▸ Task requirements:
Every line of the listing below from the one with "Maison 154 m²" up to and including the one with "Nghĩa trang cá" should be retyped exactly, and nothing else; pictures are not part of the copy.

▸ Excerpted data:

==================================================

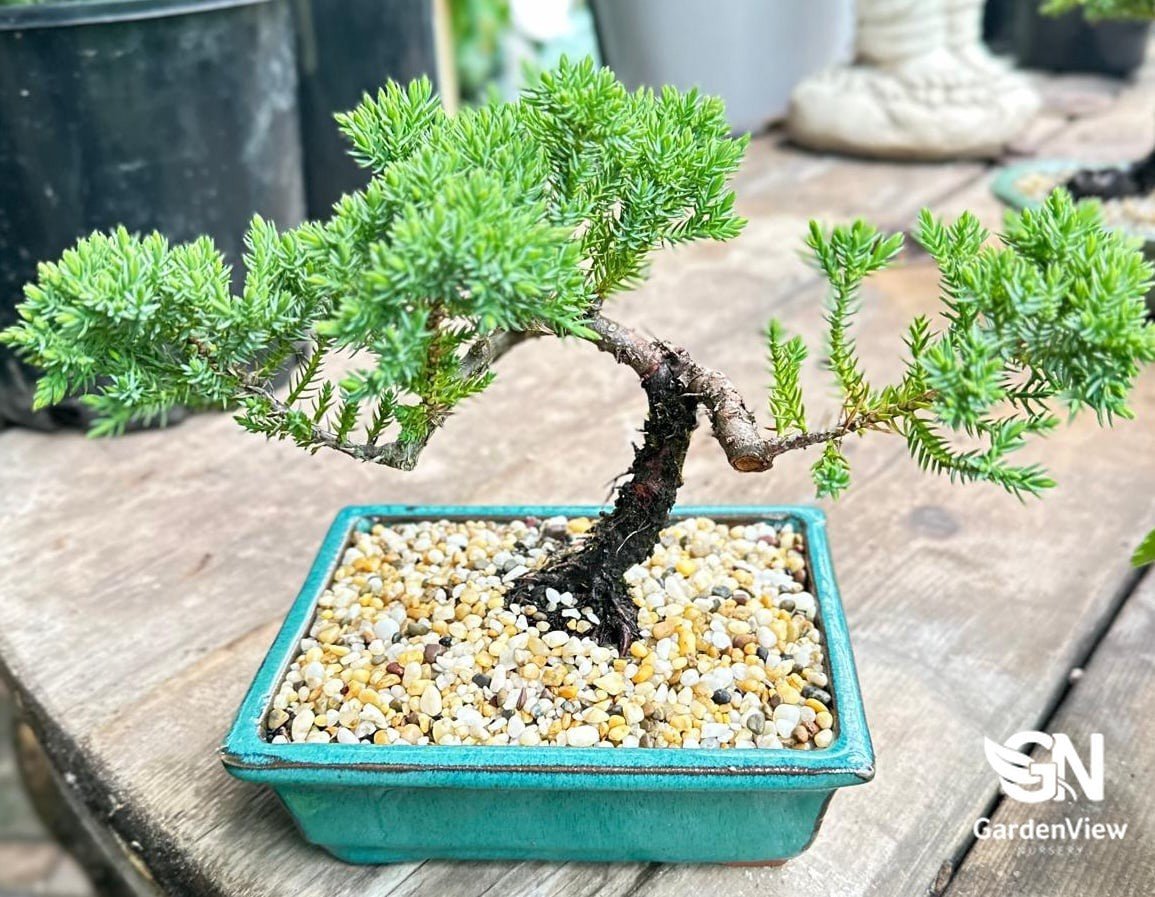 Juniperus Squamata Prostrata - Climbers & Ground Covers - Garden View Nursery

==================================================

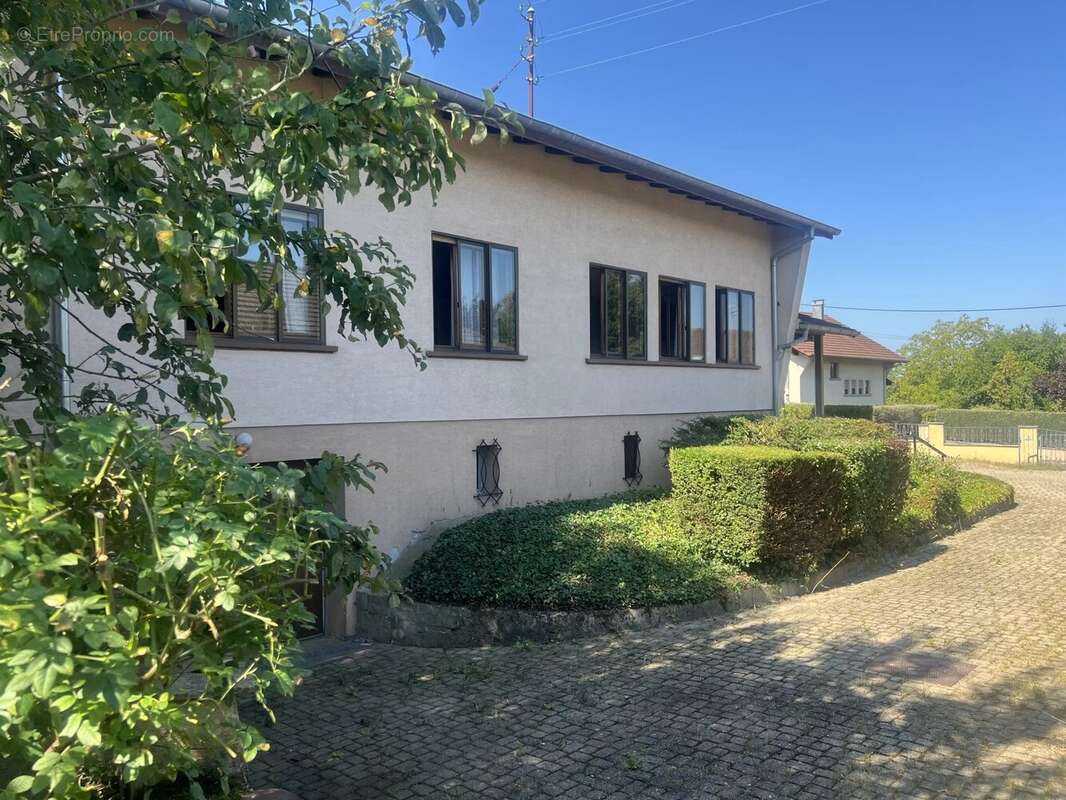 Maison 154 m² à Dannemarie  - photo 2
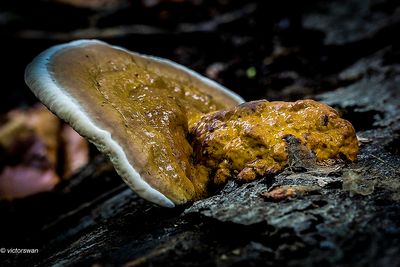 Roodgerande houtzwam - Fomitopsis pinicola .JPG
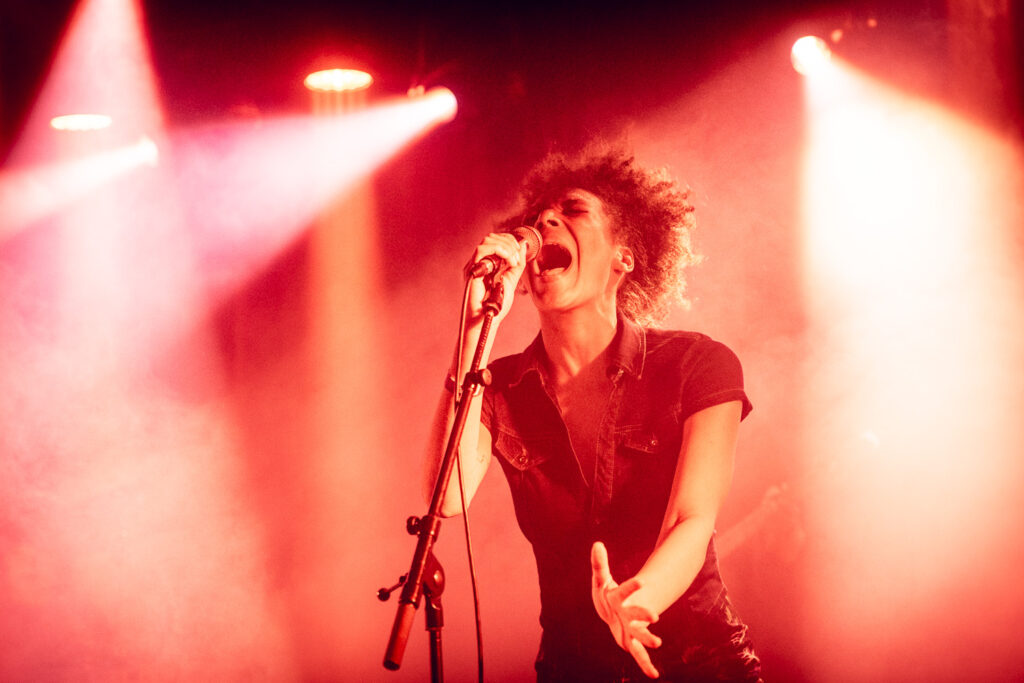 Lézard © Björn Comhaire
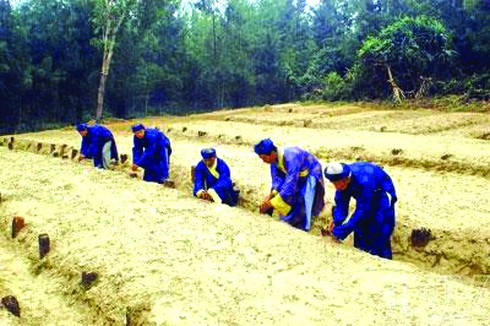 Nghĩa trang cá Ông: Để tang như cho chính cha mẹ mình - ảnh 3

==================================================

▸ Exercise response:
 Maison 154 m² à Dannemarie  - photo 2
 Roodgerande houtzwam - Fomitopsis pinicola .JPG
 Lézard © Björn Comhaire
 Nghĩa trang cá Ông: Để tang như cho chính cha mẹ mình - ảnh 3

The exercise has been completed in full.